Menurut Slameto (2015:57) Menurut Slameto (2015:57)
Seyogyanya seorang muslim/muslimah sudah terikat hukum wajib dengan agama islam yang dimulai pada fase mukallaf. Seseorang yang sudah dikenai hukum mukallaf diwajibkan menuntut ilmu agama dengan sungguh dan niat yang lurus, sehingga dapat menjalankan perintah Allah dengan benar menurut aturan agama. Rasul telah bersabda dalam salah satu hadits nya tentang kewajiban menuntut ilmu, saking wajibnya orang tua mendidik anaknya agar belajar melaksanakan ibadah seperti sholat sejak anak berusia 7 tahun. Setelah anak umur 10 tahun, maka wajib hukumnya orang tua menghukum anaknya dengan cara dipukul ringan dibagian kaki dengan tujuan memberikan efek jera jika tidak mau melaksanakan belajar ibadah sejak dini.
Kasusnya, anak-anak zaman sekarang sangat jauh dari kata semangat belajar. Anak-anak atau remaja yang harusnya sedang mengenyam pendidikan agama islam, teralihkan oleh era globalisasi yang kita kenal dengan kata gadjet ataupun istilah lainnya seperti hp dan pergaulan bebas yang dicontoh dari budaya barat (Freedom) dan sebagainya. Anak-anak keasikan dengan apa yang dapat diakses oleh HP/Internet. Banyak sekali dampak negative yang ditimbulkan dari dampak kemajuan teknologi tersebut. Yang paling menonjol adalah candunya game/permainan yang di gandrungi anak usia 5-30 tahun umumnya, sehingga mereka lupa akan waktu, menghabiskan hitungan jam untuk bermain hp. Akhirnya mereka lupa bahwa tugas utamanya adalah belajar, terlebih mempelajari agama yang mana hukumnya fardhu ain. Orang tua sebagai pendidik pertama dalam rumah merasa kewalahan dalam mendidik anak-anaknya, mereka sulit diarahkan dan tidak menghiraukan apa yang peringatkan oleh orang tuanya sendiri.
Sehingga kasus tersebut membuat yang merasa bertanggung jawab lebih terdahap pendidikan terpancing untuk berfikir lebih keras menghadapi penghambat pendidikan tersebut.

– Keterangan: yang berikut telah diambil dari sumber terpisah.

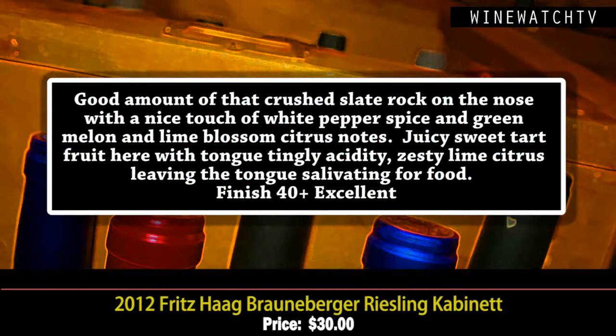Then the Brauneberg Riesling Kabinett. The classic way they describe wines is by ripeness level at picking, with Kabinett being a little riper than the QBA. This is a combination of two vineyard sites — a lighter, more feminine style. Lots of slate here, crushed slate and light rock on the nose, a nice touch of white pepper spice, and green melon lime citrus. Juicy, sweet-tart fruit — you get that lovely sweetness and then tartness with tongue-tingling acidity, leaving the tongue salivating for food.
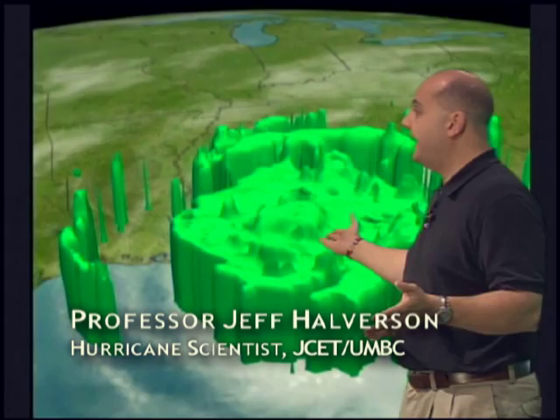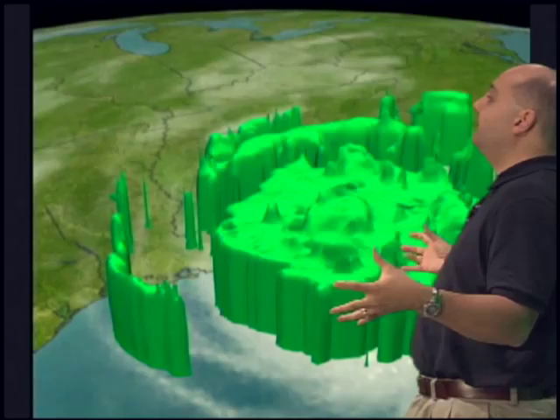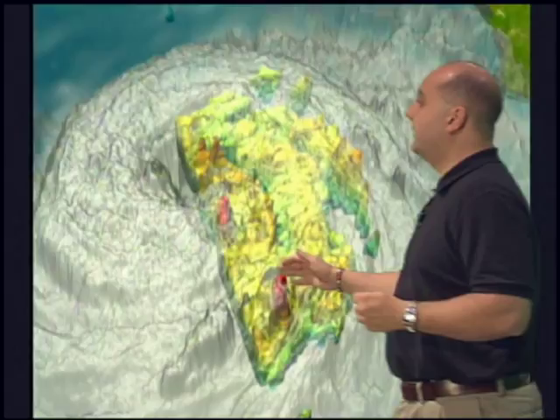We're taking these 3D CAT scans of Hurricane Katrina, looking at the different layers of rain intensity. By peeling away the layers of an onion, we can look at the light rains on the outside and the heavy rains inside the core.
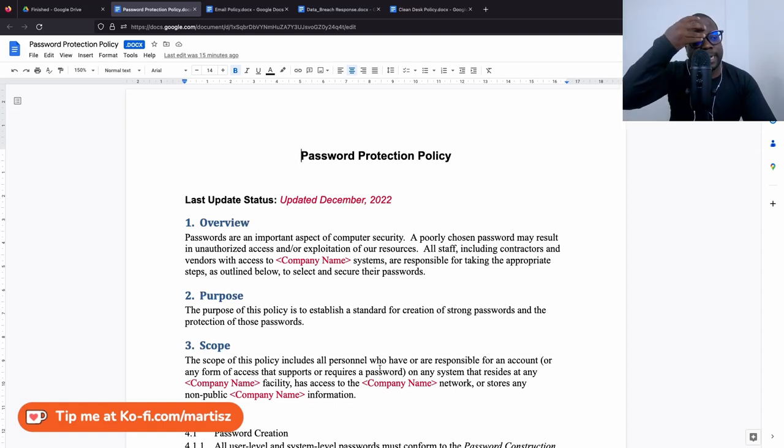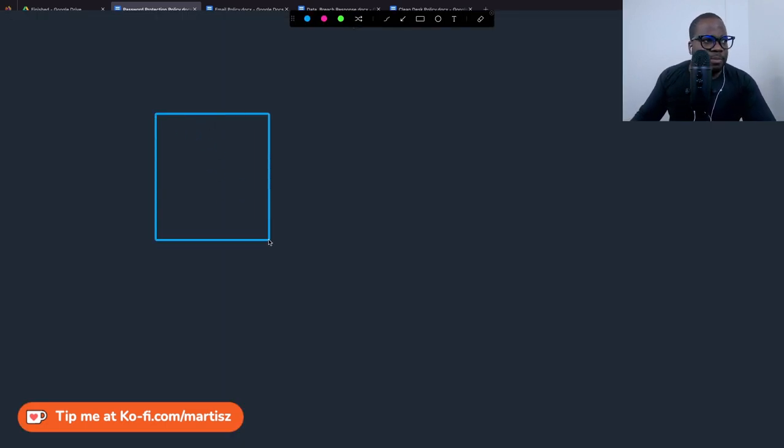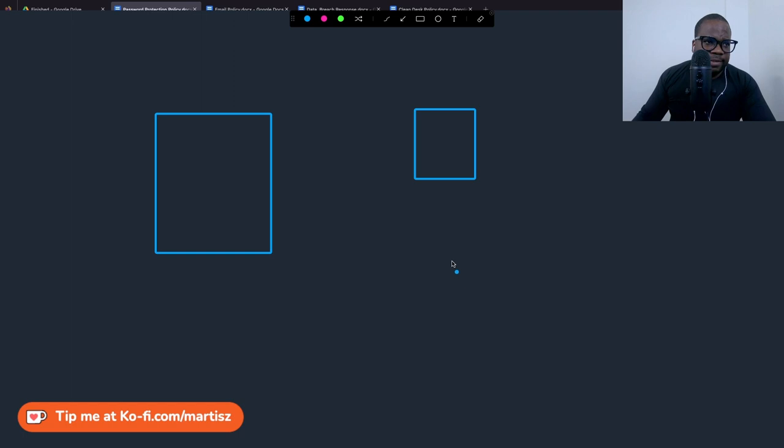Password protection policy — I don't think this is necessary anymore. The reason I'm saying this is because most of the time, when you have a system, especially email, the system will automatically ask you to make sure you have a strong password.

Adapun Faktor yang ditemukan:
1. Melemahnya kekuatan guru atas pelajar disebabkan HAM
2. Dampak negative era globalisasi/ pergaulan bebas
3. Tontonan yang tidak pantas ditiru
4. Kecanduan game yang berlebihan
5. Kurang terpantaunya kegiatan anak oleh orangtua
Adapun dampak yang ditimbulkan dari kasus tersebut ialah meningkatnya kriminalitas karena berkurangnya moral, akhlak atau tatakrama dalam bermasyrakat. Mengingat pelajaran Agama mengajarkan hal hal atau akhlak mulia yang dapat merubah perilaku seseorang yang dapat membedakan manusia dengan hewan.Begitu mulianya ajaran agama islam yang mengajarkan penganutnya agar berperilaku mulia. Namun kenyataannya justru anak-anak sudah tak menghiraukan hal tersebut, mereka cendrung ingin kebebasan, tanpa aturan dan tanpa ada yang mengatur, menjalani kehidupan dengan keinginan dan kehendak sendiri
Artinya pendidik harus dapat lebih memutar otak agar dapat memiliki cara atau metode untuk mengatasi hal yang mengkhawatirkan tersebut. Yang saya temukan ternyata menurunnya minat anak terhadap PAI ialah tidak terlepas dari peran orang tua yang lalai dalam mengawasi anaknya untuk belajar agama, sehingga anak tidak terpacu untuk lebih menyadari wajibnya ilmu agama.
Solusi yang harus dicoba untuk mengatasi hal tersebut ialah:
1. harus ada nya sinkronisasi antara pendidik dan orangtua. Peran orang tua mendidik dan mengarahkan anaknya agar menunaikan kewajibannya untuk mempelajari agama selayaknya.
2. Cara yang lainnya ialah dengan mengontrol penggunaan Gadjet anak oleh orangtuanya agar tidak terlalu menghabiskan waktunya untuk bermain gadjet, artinya orangtua tidak boleh gaptek sehingga tidak dapat mengontrol anaknya dalam penggunaan gadjet yang berlebihan atau konten tak layak ditonton dan dicontoh.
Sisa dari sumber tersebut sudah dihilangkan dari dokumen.